La conséquence ? Une fracture générationnelle et symbolique, entre celles et ceux qui ont construit la mémoire militante du territoire, et celles et ceux qui pourraient la relayer, mais qui ne s’y reconnaissent pas.
La fenêtre est étroite, mais elle existe.
Elle suppose de créer des espaces de rencontre intergénérationnelle, de relier l’histoire aux récits d’aujourd’hui, de valoriser les luttes passées non comme un musée, mais comme un socle.
Et de reconnaître que la transmission militante, ça se travaille. Ça se pense. Ça se provoque.
Sinon, ce qui existe déjà finira par s’éteindre doucement, faute de relais.
Et ce serait, une fois encore, une transition à moitié faite.
Dépasser l’affichage : une transition ne vaut que si elle s’ancre dans le réel
Ce que montrent tous ces exemples – de l’Étang de Berre à Narbonne, de Grenoble à la Rhénanie – c’est que la décarbonation ne peut pas reposer uniquement sur la bonne
volonté des citoyens, ni sur des annonces descendantes sans incarnation locale. Elle
exige une autre forme de contrat social entre les habitants, les institutions, et les structures économiques.

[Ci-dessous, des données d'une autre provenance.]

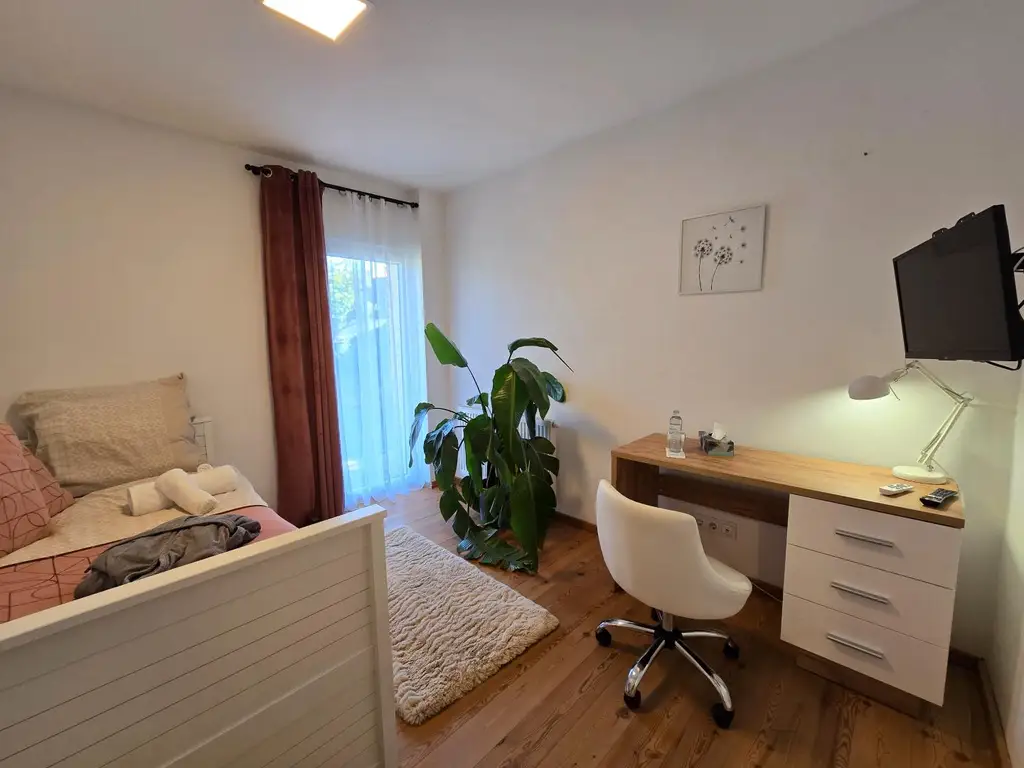 Einfamilien-/Ferienhaus verbindet historischen Charme mit modernem Wohnkomfort mit Burgblick - auch Hauptwohnsitz möglich!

Oui, les citoyens peuvent impulser des dynamiques, ouvrir des brèches, inventer des
modèles. Mais s’ils ne trouvent ni cadre clair, ni appui institutionnel, ni reconnaissance de leur légitimité à agir, leurs efforts finissent par s’essouffler. Ou pire : à être instrumentalisés dans des logiques de communication verte sans réelle transformation de fond.
De l’autre côté, les collectivités, l’État, les grandes entreprises publiques ou privées ne
peuvent plus prétendre porter seuls la transition. Elles doivent apprendre à faire avec. À
déléguer une partie du pouvoir. À sortir de la logique du “partenaire consulté” pour entrer
dans celle du “co-acteur de la décision”.

Cela suppose des choses concrètes :
● Simplifier drastiquement les démarches pour monter un projet citoyen.
● Allouer des fonds spécifiques à l’énergie locale gérée collectivement.
● Créer des dispositifs où les habitants peuvent vraiment décider, pas juste “être associés”.
● Organiser des espaces de rencontre entre associations locales et nouvelles générations pour transmettre les luttes, les connaissances du territoire et les outils d’action. Cela peut passer par des journées inter-associatives, des ateliers de mémoire écologique, ou des parrainages entre militant·es expérimenté·es et jeunes engagé·es.
La transition énergétique, si elle veut être juste, ne peut pas être seulement technique. Elle doit être démocratique. Et ça, ce n’est ni une posture, ni un supplément d’âme. C’est une condition de réussite.
Parce qu’un territoire bas carbone sans ses habitants n’est qu’un chiffre dans un rapport.
Mais un territoire où les gens agissent, décident et s’emparent de leur avenir, c’est une force de transformation bien plus puissante – et bien plus durable – que n’importe quel plan quinquennal.